Explanation: When a client closes a streaming connection, the server-side OpenAI request continues until completion. You pay for tokens the user never received. Fix: Propagate AbortController signals. Listen for req.signal.aborted and cancel the upstream SDK call immediately.

6. Single-Window Throttling

Explanation: One limit cannot handle both burst protection and daily budgeting. A tight window blocks legitimate power users; a loose window allows financial bleed. Fix: Implement tiered limits. IP-level handles anonymous noise, user-level handles authenticated abuse, global-level enforces hard budget ceilings.

7. Missing Response Token Boundaries

Explanation: Omitting max_tokens allows the model to generate until context limits. A single request can consume 4,000+ output tokens, multiplying costs unpredictably. Fix: Always specify max_tokens. Align the value with your UI constraints and cost model. Use streaming with client-side cancellation for long-form generation.

Production Bundle

Action Checklist

• Audit all AI endpoints for missing throttle logic, auth checks, and token caps
• Provision a distributed KV store (Upstash Redis, Vercel KV, or equivalent)
• Implement sliding window limits for anonymous IP traffic
• Add fixed window quotas for authenticated user accounts
• Configure a global daily spend cap with 503 fallback behavior
• Enforce prompt.length validation and max_tokens on every SDK call
• Return strict 429/503 status codes with Retry-After headers
• Wire provider dashboard alerts for daily usage thresholds
• Test streaming endpoints with AbortController propagation
• Run load simulation against staging to verify limit enforcement

Decision Matrix

Scenario	Recommended Approach	Why	Cost Impact
Prototype / Internal Tool	Single IP sliding window (10 req/min)	Fastest implementation, prevents accidental loops	Low
Public SaaS (Free Tier)	IP throttle + per-user daily quota (50 req/day)	Balances UX with budget predictability	Medium
Enterprise / High-Traffic	Layered architecture + global cap + streaming aborts	Deterministic cost boundaries, abuse-resistant	High (infrastructure)
Budget-Constrained Startup	Global cap first, then IP throttle	Prevents catastrophic bills, sacrifices some UX	Low

Configuration Template

# .env.local
UPSTASH_REDIS_REST_URL=https://your-region.upstash.io
UPSTASH_REDIS_REST_TOKEN=your-rest-token
OPENAI_API_KEY=sk-proj-xxxxxxxxxxxx

# Optional: Provider alerting webhook
ALERT_WEBHOOK_URL=https://hooks.slack.com/services/xxxxx
DAILY_BUDGET_CAP=50.00

// lib/ratelimit-config.ts
export const THROTTLE_PROFILES = {
  anonymous: { window: "60 s", max: 8 },
  authenticated: { window: "1 d", max: 150 },
  global: { window: "1 d", max: 5000 },
} as const;

export const TOKEN_BOUNDS = {
  maxPromptChars: 3000,
  maxResponseTokens: 1024,
  temperature: 0.7,
} as const;

Quick Start Guide

1. Initialize Redis: Create a free Upstash database in the same region as your deployment.
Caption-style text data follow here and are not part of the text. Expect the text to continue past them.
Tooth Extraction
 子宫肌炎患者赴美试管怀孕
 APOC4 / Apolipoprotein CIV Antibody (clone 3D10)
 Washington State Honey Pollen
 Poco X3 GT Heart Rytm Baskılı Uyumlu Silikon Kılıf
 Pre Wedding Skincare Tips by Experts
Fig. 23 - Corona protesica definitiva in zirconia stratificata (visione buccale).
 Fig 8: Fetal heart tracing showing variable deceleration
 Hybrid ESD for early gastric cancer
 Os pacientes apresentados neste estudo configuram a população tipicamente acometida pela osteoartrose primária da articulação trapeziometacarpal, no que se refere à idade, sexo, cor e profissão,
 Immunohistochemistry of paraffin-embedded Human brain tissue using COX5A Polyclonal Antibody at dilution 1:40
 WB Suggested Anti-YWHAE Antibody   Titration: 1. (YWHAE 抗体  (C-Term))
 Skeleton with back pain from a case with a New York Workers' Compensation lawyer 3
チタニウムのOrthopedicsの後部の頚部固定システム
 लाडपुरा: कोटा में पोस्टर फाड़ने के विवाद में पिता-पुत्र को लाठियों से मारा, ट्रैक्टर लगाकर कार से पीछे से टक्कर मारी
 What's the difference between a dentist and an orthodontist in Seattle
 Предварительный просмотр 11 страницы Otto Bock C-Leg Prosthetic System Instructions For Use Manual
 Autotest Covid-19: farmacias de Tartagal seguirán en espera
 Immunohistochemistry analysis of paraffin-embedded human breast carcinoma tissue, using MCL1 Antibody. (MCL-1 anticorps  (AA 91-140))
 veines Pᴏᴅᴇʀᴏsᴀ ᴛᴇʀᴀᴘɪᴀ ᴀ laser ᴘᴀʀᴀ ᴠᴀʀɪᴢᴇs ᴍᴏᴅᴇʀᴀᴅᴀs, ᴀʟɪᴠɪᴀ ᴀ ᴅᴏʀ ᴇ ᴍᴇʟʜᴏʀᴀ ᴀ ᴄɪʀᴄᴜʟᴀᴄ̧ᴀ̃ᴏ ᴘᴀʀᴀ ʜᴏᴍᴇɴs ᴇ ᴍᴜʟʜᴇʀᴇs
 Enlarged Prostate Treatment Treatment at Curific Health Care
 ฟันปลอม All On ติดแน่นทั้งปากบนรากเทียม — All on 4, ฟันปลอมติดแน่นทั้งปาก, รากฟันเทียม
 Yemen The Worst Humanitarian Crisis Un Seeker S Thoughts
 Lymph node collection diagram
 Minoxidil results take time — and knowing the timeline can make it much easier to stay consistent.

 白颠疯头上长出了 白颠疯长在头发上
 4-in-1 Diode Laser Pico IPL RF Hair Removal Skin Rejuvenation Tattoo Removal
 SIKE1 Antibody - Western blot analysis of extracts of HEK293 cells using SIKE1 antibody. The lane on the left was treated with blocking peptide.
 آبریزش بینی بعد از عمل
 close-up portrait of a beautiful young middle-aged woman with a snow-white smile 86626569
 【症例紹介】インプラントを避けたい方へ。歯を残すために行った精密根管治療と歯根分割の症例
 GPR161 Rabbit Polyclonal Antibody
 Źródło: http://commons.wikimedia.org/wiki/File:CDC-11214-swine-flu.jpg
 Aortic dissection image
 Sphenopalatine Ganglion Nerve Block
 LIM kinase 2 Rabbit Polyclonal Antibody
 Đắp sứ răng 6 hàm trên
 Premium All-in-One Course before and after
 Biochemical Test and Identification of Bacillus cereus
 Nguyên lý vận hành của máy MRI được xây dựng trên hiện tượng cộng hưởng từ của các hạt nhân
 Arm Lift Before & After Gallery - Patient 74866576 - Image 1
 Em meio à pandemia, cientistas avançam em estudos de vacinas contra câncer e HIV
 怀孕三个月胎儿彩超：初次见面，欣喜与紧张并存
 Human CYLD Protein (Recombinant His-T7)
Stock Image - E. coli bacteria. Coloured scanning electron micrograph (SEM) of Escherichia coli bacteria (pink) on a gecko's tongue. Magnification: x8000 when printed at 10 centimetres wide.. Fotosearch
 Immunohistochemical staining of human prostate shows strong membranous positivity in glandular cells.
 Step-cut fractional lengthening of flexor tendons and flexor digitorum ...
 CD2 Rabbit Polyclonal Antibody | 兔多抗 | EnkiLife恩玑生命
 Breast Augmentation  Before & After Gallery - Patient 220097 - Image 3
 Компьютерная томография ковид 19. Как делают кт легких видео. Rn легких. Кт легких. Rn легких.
Copy the REST URL and token into your environment variables.
2. Install Dependencies: Run npm install @upstash/ratelimit @upstash/redis openai.
3. Deploy Guard Module: Copy the AICostGuard class into your project. Adjust window sizes and token bounds to match your budget model.
4. Wrap Endpoints: Replace direct SDK calls with the guard evaluation pattern. Ensure 429/503 responses include proper headers.
5. Verify Enforcement: Execute a rapid request loop against your staging endpoint. Confirm that requests transition from 200 to 429 after the configured threshold, and that provider dashboards show bounded usage.